Police say slick roads and potential for drunk drivers is a "recipe for disaster"

Slick roads cause a truck to swerve in Mishawaka. //WSBT 22 Photo

The combination of dangerous weather and the potential for drunk driving as people ring in the new year could be a disaster waiting to happen according to local police.

In St. Joseph County, seven police departments come together to work overtime during the New Year's Eve Weekend .

The overtime is paid for by a grant from the Indiana Criminal Justice Institute.

Police are hoping this will be the 7th New Year's in a row with no fatalities in the county, but with the slick roads added to the mix, staying safe is that much harder.

Some people have already had to change their plans because of the road conditions.

Lou Poulos spent Saturday night at a bar with a friend instead of his girlfriend because she was unable to make the drive from Kalamazoo.

"She drove here this afternoon, turned around 20 minutes South of Kalamazoo because the lake effect snow was causing whiteouts that were just making driving so difficult that she just turned around and went back," said Poulos.

With another round of lake effect expected, his plans may permanently change.

"Looks like I might be facing a New Year's Eve with no plans and nothing to do because of the stupid snow," said Poulos.

The police are also worried about the snow, but they are also worried about the potential for drunk drivers.

"The concern is one that we still have too many drivers driving too fast for weather conditions," said Lt. Tim Williams with the Mishawaka Police Department. "When we have a holiday like this coming up, we have to be concerned about the drinking and the driving. With the weather added to that, that's a recipe for disaster."

Extra police officers will be out all weekend to make sure the roads are safe. Lt. Tim Williams says even on slick roads, they know how to spot a drunk driver.

He signs up to work overtime every year on the holiday because to him the mission is personal.
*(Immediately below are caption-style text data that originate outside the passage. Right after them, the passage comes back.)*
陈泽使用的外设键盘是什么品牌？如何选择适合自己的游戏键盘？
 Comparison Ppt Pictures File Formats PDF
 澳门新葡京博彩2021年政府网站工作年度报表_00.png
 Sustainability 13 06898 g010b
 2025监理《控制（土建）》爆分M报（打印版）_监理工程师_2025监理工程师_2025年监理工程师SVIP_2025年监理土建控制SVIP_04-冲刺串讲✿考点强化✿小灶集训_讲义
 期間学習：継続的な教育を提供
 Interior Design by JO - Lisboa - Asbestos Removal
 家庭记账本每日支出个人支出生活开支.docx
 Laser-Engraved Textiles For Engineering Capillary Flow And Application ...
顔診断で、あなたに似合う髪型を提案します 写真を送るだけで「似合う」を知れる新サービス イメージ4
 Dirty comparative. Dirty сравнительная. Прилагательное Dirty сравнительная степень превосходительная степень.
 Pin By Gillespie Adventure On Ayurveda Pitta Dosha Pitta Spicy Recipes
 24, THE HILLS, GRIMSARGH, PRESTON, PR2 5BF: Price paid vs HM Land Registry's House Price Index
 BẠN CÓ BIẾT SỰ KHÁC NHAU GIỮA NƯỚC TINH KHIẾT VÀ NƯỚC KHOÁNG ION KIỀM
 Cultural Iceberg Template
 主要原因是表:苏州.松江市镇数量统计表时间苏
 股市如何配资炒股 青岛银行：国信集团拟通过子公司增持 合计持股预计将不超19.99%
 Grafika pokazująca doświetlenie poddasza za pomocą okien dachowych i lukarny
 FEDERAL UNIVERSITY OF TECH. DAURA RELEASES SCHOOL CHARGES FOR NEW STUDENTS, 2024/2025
"I'm a victim of a drunk driver. I know what it's like. I have permanent scars that will never go away," says Williams. "I've seen families have to deal with victims of drunk driving that have life-altering injuries that will never change."

Lt. Williams says while he was on the job he responded to a situation where he ended up being dragged by a drunk driver, so that is why he is so passionate about the issue.

He asks that everyone has a plan on how to get home safely before going out.

The county's additional enforcement lasts until 6 am Tuesday.